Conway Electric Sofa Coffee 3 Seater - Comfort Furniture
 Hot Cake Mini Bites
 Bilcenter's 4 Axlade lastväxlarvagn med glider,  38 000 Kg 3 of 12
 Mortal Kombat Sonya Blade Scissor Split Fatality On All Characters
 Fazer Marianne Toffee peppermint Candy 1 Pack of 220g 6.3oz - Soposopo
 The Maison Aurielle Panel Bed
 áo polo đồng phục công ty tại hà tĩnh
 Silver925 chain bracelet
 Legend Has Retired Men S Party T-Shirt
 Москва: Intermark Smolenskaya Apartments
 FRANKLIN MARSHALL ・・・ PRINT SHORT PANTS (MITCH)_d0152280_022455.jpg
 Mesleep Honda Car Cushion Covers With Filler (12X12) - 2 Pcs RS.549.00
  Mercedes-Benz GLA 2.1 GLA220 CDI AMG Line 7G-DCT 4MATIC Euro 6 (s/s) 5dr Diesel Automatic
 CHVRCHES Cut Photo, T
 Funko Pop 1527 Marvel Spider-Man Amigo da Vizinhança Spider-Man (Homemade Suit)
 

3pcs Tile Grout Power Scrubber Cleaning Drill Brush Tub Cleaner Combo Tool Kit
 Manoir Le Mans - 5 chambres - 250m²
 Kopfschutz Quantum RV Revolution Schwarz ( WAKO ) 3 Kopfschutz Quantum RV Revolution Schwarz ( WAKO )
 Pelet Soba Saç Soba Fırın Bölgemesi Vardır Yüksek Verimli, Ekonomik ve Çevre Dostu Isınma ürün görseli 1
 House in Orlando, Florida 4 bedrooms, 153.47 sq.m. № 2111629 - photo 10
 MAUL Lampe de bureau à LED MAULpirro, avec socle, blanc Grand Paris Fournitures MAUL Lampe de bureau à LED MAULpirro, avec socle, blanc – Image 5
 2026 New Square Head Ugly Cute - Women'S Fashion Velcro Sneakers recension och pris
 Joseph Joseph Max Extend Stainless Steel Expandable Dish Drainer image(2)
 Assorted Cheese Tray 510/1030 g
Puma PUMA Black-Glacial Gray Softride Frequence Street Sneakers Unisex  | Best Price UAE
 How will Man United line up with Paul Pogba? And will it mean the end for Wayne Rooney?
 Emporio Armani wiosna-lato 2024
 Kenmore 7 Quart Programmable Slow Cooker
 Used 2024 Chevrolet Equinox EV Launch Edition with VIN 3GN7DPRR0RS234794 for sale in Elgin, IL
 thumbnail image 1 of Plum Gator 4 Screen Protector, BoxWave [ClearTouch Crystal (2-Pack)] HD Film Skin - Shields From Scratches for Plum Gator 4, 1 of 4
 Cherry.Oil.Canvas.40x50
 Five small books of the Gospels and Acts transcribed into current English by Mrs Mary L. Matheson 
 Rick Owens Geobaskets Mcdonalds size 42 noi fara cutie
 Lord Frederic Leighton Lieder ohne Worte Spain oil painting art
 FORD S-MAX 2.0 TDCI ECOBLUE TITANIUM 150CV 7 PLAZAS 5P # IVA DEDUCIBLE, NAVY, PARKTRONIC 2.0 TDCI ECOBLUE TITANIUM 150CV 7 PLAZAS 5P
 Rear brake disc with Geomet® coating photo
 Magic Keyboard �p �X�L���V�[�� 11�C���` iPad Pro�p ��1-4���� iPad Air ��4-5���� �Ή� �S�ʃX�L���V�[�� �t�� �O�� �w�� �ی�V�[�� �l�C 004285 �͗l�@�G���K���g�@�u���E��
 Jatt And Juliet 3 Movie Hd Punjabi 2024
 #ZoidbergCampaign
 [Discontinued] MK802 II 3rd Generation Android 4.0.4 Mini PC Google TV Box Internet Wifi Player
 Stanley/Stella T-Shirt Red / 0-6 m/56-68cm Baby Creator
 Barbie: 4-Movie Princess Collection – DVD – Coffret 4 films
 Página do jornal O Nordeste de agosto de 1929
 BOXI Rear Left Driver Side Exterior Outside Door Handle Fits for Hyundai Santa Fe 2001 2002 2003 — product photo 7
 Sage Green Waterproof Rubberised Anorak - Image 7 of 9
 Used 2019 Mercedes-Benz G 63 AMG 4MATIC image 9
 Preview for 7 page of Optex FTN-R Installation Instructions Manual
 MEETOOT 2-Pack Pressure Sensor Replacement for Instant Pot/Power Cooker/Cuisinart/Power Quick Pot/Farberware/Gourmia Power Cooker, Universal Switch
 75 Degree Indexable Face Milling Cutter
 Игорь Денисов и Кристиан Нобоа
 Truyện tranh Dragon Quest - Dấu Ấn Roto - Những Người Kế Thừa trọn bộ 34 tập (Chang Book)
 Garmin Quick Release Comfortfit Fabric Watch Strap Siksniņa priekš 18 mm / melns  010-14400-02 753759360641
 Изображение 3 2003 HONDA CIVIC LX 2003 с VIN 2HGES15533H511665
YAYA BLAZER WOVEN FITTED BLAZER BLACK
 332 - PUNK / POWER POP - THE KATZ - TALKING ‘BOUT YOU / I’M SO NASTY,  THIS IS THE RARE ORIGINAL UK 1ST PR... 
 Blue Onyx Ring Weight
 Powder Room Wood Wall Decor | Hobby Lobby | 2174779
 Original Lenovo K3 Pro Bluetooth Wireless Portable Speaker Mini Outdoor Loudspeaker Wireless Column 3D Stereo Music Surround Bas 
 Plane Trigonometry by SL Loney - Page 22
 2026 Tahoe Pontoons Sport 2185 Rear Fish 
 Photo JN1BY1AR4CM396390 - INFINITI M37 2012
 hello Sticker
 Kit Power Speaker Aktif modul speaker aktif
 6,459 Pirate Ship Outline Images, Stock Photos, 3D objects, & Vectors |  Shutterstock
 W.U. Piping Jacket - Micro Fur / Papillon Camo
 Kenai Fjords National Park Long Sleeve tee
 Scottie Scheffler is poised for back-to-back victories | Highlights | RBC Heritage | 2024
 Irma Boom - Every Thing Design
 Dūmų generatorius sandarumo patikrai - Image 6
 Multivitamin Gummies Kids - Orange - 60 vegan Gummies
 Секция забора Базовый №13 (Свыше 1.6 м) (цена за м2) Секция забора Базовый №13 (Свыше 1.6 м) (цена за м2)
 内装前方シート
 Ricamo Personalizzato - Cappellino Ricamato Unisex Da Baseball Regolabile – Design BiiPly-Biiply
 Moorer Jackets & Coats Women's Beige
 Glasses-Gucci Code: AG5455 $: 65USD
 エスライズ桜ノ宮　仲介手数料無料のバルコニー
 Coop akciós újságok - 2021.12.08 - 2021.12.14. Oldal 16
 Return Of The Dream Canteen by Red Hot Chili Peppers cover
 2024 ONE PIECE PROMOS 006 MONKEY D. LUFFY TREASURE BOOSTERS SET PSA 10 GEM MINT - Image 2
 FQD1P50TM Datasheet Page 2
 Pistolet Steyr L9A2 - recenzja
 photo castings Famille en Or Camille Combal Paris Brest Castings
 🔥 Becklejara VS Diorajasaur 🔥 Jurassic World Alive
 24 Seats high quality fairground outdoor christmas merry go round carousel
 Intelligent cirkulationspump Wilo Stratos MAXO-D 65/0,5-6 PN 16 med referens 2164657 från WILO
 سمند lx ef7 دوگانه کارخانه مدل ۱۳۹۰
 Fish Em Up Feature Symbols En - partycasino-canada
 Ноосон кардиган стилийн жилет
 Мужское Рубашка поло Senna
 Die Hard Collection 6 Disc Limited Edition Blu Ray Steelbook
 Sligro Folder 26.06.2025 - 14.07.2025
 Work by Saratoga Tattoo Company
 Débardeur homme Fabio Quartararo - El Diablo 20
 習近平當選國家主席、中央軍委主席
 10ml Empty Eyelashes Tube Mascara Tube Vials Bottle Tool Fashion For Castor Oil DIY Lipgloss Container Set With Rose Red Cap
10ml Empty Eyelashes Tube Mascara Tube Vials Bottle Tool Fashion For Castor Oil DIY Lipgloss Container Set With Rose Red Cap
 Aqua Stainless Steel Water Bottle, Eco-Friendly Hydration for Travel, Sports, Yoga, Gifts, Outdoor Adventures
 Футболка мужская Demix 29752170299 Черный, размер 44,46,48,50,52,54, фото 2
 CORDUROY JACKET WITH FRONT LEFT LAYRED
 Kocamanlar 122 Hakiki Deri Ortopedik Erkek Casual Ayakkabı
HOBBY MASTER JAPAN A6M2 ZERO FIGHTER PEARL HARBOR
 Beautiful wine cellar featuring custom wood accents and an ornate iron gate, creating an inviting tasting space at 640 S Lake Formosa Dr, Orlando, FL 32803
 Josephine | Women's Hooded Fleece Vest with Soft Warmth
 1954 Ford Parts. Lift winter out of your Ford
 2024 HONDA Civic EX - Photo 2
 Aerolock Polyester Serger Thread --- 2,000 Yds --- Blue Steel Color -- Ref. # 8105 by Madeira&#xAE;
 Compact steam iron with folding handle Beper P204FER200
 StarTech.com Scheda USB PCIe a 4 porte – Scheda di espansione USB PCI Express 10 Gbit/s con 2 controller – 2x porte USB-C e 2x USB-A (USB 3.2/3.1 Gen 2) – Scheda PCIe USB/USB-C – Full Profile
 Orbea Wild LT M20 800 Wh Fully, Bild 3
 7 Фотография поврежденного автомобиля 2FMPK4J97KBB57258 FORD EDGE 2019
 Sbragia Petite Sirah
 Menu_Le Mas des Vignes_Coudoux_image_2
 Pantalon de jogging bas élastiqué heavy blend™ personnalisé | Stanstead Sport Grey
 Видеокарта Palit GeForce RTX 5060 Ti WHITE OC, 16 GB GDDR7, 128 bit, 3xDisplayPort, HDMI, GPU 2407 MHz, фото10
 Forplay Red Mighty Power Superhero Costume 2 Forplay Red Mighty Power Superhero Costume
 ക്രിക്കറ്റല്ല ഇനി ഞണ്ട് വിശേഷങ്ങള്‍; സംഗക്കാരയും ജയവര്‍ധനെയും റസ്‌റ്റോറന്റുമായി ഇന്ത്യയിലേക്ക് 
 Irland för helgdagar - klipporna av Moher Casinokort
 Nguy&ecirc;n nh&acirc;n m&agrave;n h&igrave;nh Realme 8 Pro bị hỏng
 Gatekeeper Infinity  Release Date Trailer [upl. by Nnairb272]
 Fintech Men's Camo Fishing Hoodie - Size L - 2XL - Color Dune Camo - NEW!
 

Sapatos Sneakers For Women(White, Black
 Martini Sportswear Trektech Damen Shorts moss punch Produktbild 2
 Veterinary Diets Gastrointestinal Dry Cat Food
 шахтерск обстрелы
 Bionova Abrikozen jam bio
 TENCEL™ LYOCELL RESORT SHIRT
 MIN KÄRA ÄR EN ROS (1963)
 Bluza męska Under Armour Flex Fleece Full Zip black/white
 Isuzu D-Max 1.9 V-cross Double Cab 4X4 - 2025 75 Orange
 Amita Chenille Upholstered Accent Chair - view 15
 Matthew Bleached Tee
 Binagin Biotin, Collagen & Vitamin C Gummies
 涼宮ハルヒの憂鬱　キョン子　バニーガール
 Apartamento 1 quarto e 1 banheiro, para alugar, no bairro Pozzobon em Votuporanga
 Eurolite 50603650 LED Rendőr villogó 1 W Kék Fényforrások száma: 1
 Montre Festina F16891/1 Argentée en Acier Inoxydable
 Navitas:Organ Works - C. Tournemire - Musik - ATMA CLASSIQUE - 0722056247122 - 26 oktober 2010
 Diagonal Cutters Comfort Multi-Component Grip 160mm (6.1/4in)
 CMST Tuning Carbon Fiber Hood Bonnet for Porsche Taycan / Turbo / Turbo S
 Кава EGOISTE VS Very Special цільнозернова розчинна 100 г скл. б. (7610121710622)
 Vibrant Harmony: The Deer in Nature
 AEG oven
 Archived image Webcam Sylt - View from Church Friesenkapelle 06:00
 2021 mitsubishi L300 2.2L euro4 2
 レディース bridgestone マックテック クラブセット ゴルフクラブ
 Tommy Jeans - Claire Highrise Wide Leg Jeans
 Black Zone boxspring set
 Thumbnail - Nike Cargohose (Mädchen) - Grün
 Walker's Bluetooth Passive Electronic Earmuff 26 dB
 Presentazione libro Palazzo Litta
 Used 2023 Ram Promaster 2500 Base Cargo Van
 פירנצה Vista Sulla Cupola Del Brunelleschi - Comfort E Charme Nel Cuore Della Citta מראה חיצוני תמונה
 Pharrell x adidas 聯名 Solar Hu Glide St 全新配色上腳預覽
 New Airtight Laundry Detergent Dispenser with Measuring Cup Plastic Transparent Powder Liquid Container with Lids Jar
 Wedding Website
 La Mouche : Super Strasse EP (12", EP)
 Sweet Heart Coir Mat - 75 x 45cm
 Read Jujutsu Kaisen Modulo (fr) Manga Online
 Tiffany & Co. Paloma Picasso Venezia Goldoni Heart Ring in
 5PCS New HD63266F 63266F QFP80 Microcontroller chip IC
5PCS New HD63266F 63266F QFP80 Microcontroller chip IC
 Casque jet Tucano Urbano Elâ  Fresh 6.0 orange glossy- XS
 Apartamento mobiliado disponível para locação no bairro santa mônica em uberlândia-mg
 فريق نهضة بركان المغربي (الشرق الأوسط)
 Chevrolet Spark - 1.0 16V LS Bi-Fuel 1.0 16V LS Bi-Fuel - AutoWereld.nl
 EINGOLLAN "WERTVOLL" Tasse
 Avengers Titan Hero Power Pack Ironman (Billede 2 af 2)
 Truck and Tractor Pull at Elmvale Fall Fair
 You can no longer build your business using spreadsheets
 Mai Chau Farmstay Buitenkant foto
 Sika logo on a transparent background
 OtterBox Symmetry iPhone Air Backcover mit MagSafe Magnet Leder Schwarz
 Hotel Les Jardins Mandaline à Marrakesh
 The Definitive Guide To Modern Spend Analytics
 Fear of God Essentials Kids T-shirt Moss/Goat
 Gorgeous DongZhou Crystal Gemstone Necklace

********

• EXERCISE GOAL
Only the lines above starting at the line that holds "Magic Keyboard �p" and ending at the line that holds "YAYA BLAZER WOVEN FITTED BLAZER BLACK" are to be repeated, exactly and in full.

• ANSWER FOR THE TASK
 Magic Keyboard �p �X�L���V�[�� 11�C���` iPad Pro�p ��1-4���� iPad Air ��4-5���� �Ή� �S�ʃX�L���V�[�� �t�� �O�� �w�� �ی�V�[�� �l�C 004285 �͗l�@�G���K���g�@�u���E��
 Jatt And Juliet 3 Movie Hd Punjabi 2024
 #ZoidbergCampaign
 [Discontinued] MK802 II 3rd Generation Android 4.0.4 Mini PC Google TV Box Internet Wifi Player
 Stanley/Stella T-Shirt Red / 0-6 m/56-68cm Baby Creator
 Barbie: 4-Movie Princess Collection – DVD – Coffret 4 films
 Página do jornal O Nordeste de agosto de 1929
 BOXI Rear Left Driver Side Exterior Outside Door Handle Fits for Hyundai Santa Fe 2001 2002 2003 — product photo 7
 Sage Green Waterproof Rubberised Anorak - Image 7 of 9
 Used 2019 Mercedes-Benz G 63 AMG 4MATIC image 9
 Preview for 7 page of Optex FTN-R Installation Instructions Manual
 MEETOOT 2-Pack Pressure Sensor Replacement for Instant Pot/Power Cooker/Cuisinart/Power Quick Pot/Farberware/Gourmia Power Cooker, Universal Switch
 75 Degree Indexable Face Milling Cutter
 Игорь Денисов и Кристиан Нобоа
 Truyện tranh Dragon Quest - Dấu Ấn Roto - Những Người Kế Thừa trọn bộ 34 tập (Chang Book)
 Garmin Quick Release Comfortfit Fabric Watch Strap Siksniņa priekš 18 mm / melns  010-14400-02 753759360641
 Изображение 3 2003 HONDA CIVIC LX 2003 с VIN 2HGES15533H511665
YAYA BLAZER WOVEN FITTED BLAZER BLACK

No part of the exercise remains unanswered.